== WHAT IS BEING ASKED ==
Transcribe all of the data exactly. Omit the pictures.

== MATERIALS PROVIDED ==
■ ■ ■

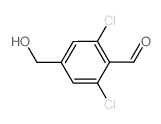 2,6-dichloro-4-(hydroxyMethyl)benzaldehyde Structure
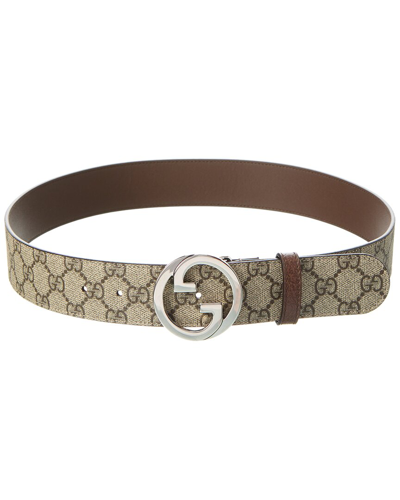 Gucci Double G Blondie Belt In Beige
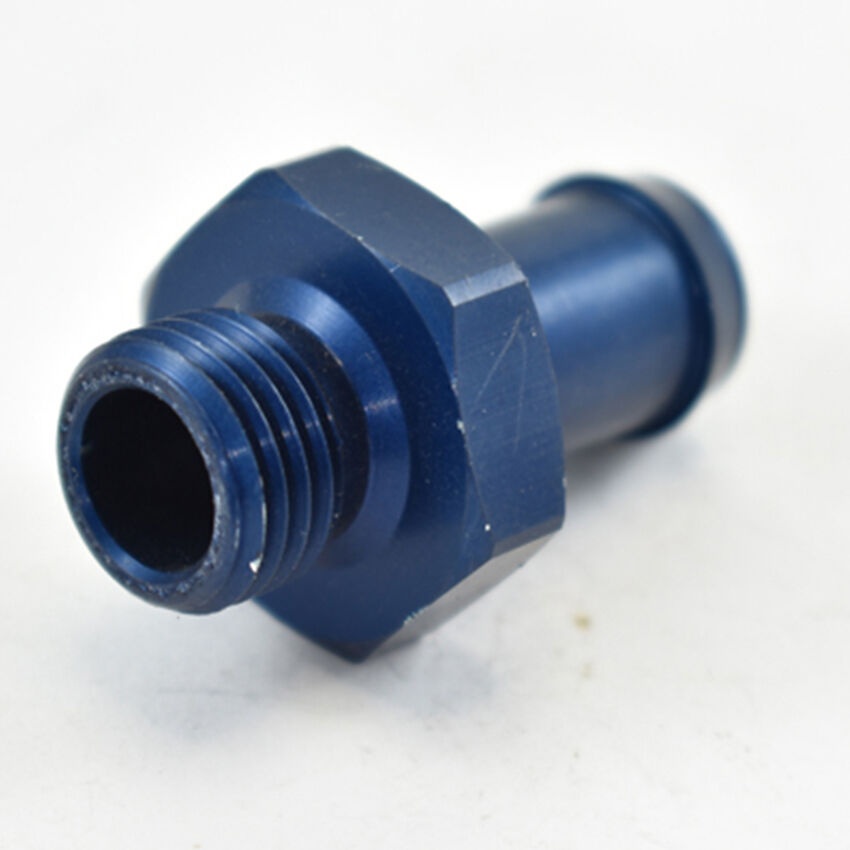 METRIC MALE M14X1.5 TO BARB 1/2 Blue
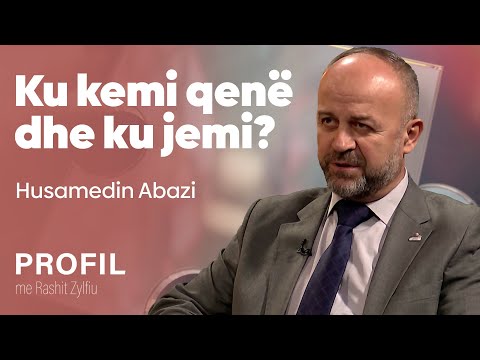 PROFIL me Rashit Zylfiun – Husamedin Abazi - Hoxhë - @teve1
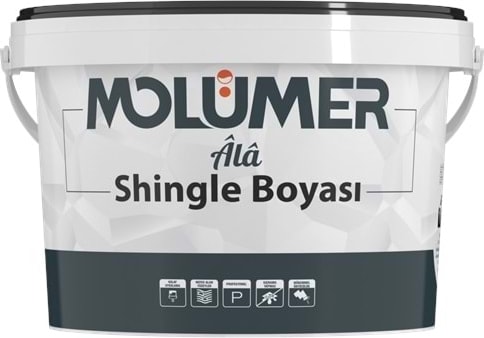 Shingle Boyası 20KG Yeşil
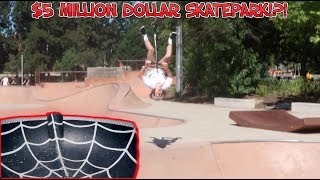 BIGGEST SKATEPARK IN THE WORLD?!?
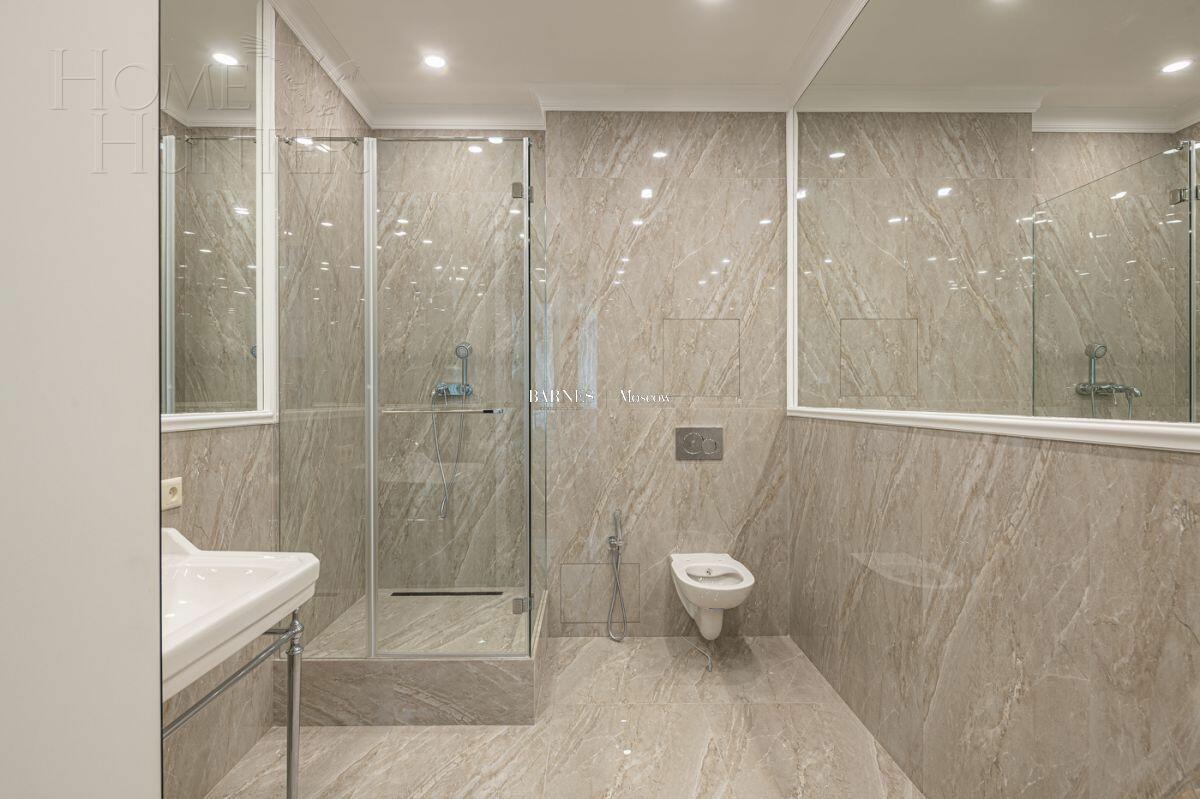 6-КОМН. ПЕНТХАУС С ОТДЕЛКОЙ 450 М² НА 4 ЭТАЖЕ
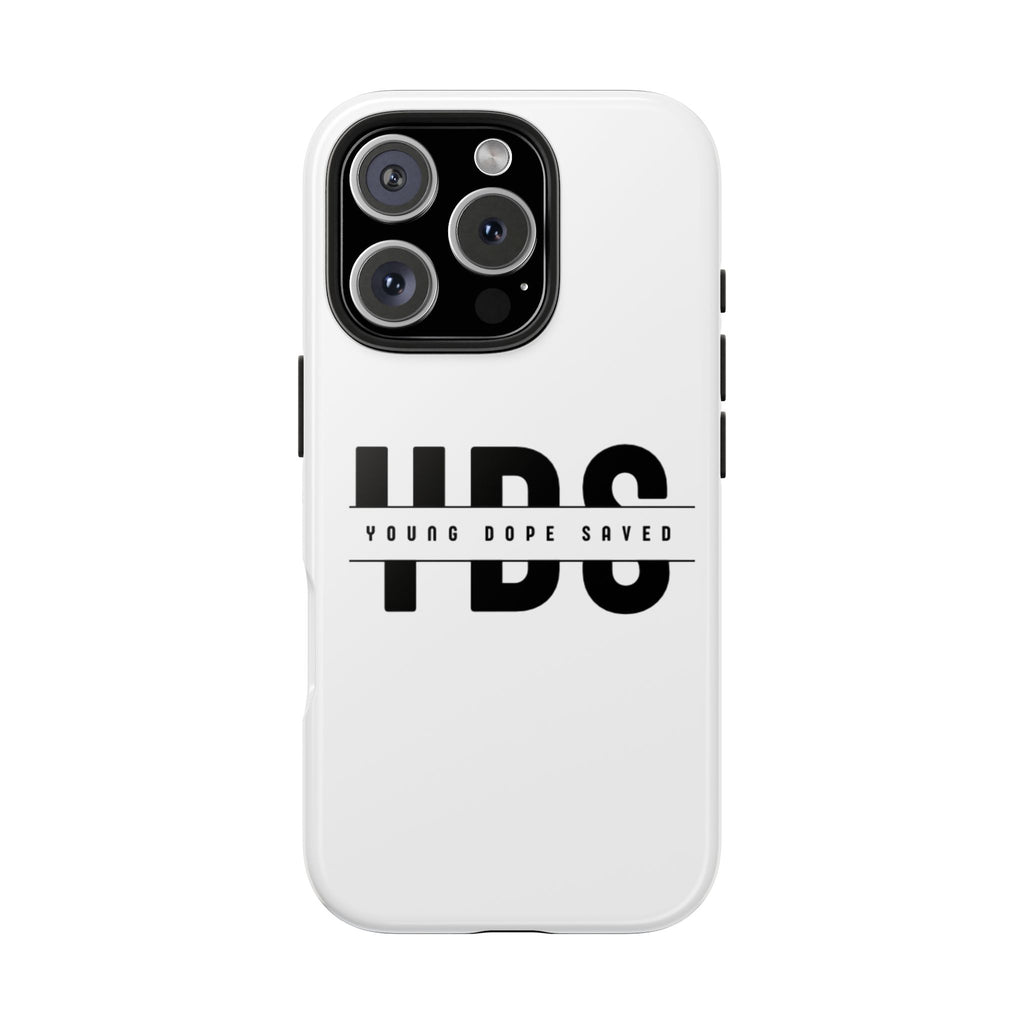 Young Dope & Saved Bold Tough Phone Cases - Stylish Protective Cover for Young Trendsetters, Unique Gift for Teens, Durable Phone Accessories, Modern Design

■ ■ ■

== WRITTEN SOLUTION ==
 2,6-dichloro-4-(hydroxyMethyl)benzaldehyde Structure
 Gucci Double G Blondie Belt In Beige
 METRIC MALE M14X1.5 TO BARB 1/2 Blue
 PROFIL me Rashit Zylfiun – Husamedin Abazi - Hoxhë - @teve1
 Shingle Boyası 20KG Yeşil
 BIGGEST SKATEPARK IN THE WORLD?!?
 6-КОМН. ПЕНТХАУС С ОТДЕЛКОЙ 450 М² НА 4 ЭТАЖЕ
 Young Dope & Saved Bold Tough Phone Cases - Stylish Protective Cover for Young Trendsetters, Unique Gift for Teens, Durable Phone Accessories, Modern Design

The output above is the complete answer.